See, he figures that more money to spend means they'll spend more money on buying the SAME things, allowing businesses to raise their prices despite the competition thing I mentioned earlier.

But, of course, this is a growing economy. So there are more things out there to spend money on, rather than spending more money on the same stuff.

Remember the clubhouse? Let's peek in and see what's happening.

This time we increase the dollars, but we don't increase the number of apples. The price of apples goes up, right? BZZZ...wrong. See, we introduce toy whistles into the clubhouse "economy", about one for every one extra dollar. So the average of all of the "merchandise" combined is still one dollar per unit.

This is like the now higher-paid workers, who are spending the extra money on computers (which, though you and I are used to them, are still a relatively new thing for the average household), on a monthly Internet connection, new software, maybe digital cable (which I have, and it's darned expensive), digital cameras, and whatever else the new growth brings...instead of just paying extra for their old stuff and driving up prices.

So "allowing" people the freedom to be employed doesn't necessarily drive up prices, either.

Then why does Alan Greenspan think it does? Why force people to be unemployed, companies to suffer, people's retirement money to be destroyed by a stock market made unstable by fears of Greenspan's hatred of success, and other such ugliness to happen?

Maybe he's one of those old fogies who got sucked into all the neo-socialism we're taught in college, and simply can't do the math, right? There are plenty of "economists" out there clinging to the old excuses Maynard Keynes invented to give...well...people like the Federal Reserve Chairman more power. Maybe he thinks that committee of a few arrogant men has more wisdom than everyone else in the United States combined. When you're on that committee, it's an easy mistake to make.

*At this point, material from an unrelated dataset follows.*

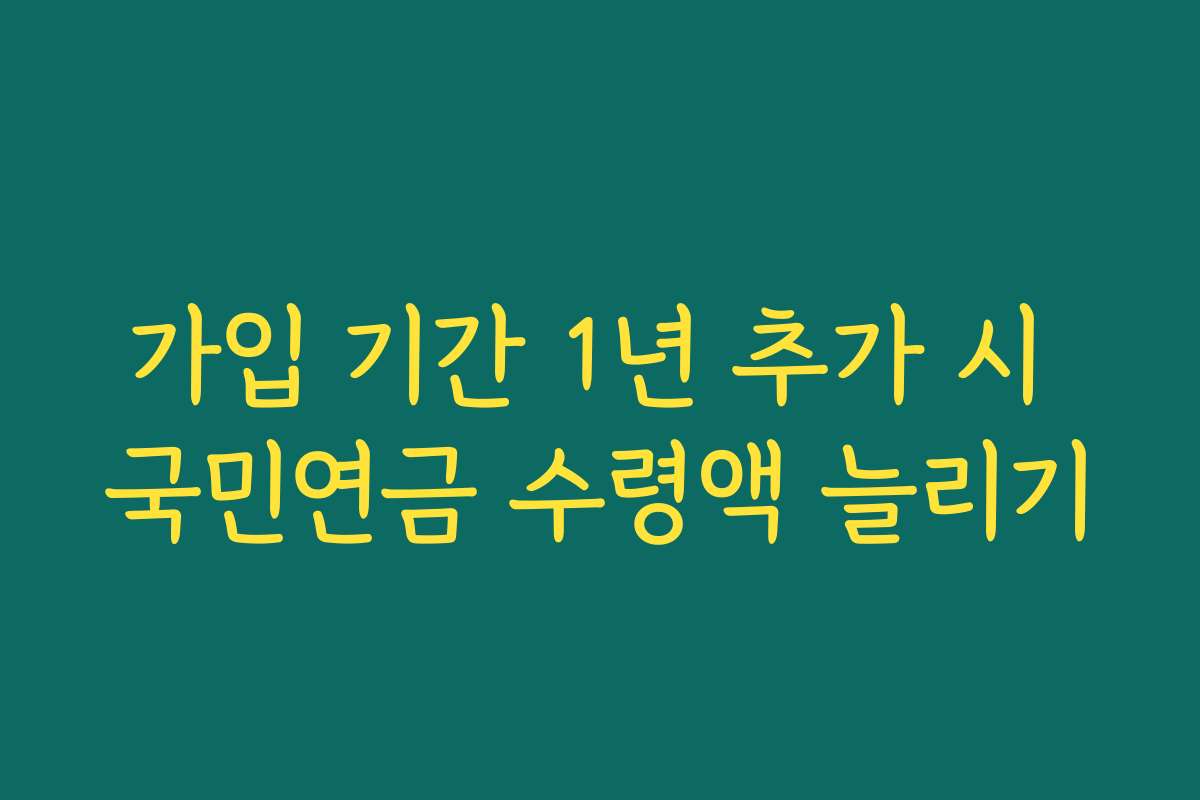 가입 기간 1년 추가 시 국민연금 수령액 늘리기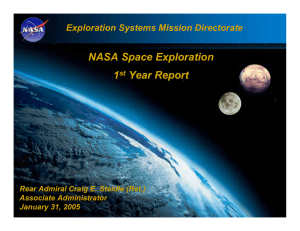 NASA Space Exploration 1 Year Report Exploration Systems Mission Directorate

But no. He's not one of those silly, mis-educated people who missed having access to the idea of real economists in college. In fact, he's a famous student of the opposite school of thought, which says that we know what's good for us more than some ivory tower tyrants.

See, he used to be an "objectivist". A kind of "libertarian", who thinks that you should never control an economy, as this is controlling the people in the economy (like forcing them to be unemployed, for example), and that this always does more harm than good, the way printing too much money or raising interest rates to drive money away from private citizens does.

He supposedly knew all the kind of stuff I'm explaining here.

Other truly expert economists who, while not being objectivist (and I'm no fan of objectivism), understand the same theories he once did still oppose what he's doing now.

Take, for example, the Nobel prize-winning economist Milton Friedman.

Friedman, a peer of Greenspan's...in fact, actually a little older and probably someone Greenspan studied...has carefully explained how a government money provider like the Federal Reserve must carefully add new money to the economy every year, to match its growth.

He understands...so why doesn't Greenspan, any more?

Hey, don't look at me. If I ever meet him, I'm going to ask him myself.

Maybe he's just gone insane.

I mean, it couldn't be that he is using the set of arguments that give his position the most power, at the cost of the rest of us, right?

by Kaz



To: GVTucker who wrote (55086)9/7/2001 9:29:28 PM
From: Victor Lazlo  Respond to of 77397
 
For many people, Greenspan has become the perfect scapegoat for the markets' excesses, and for their own bad decisions during those market excesses.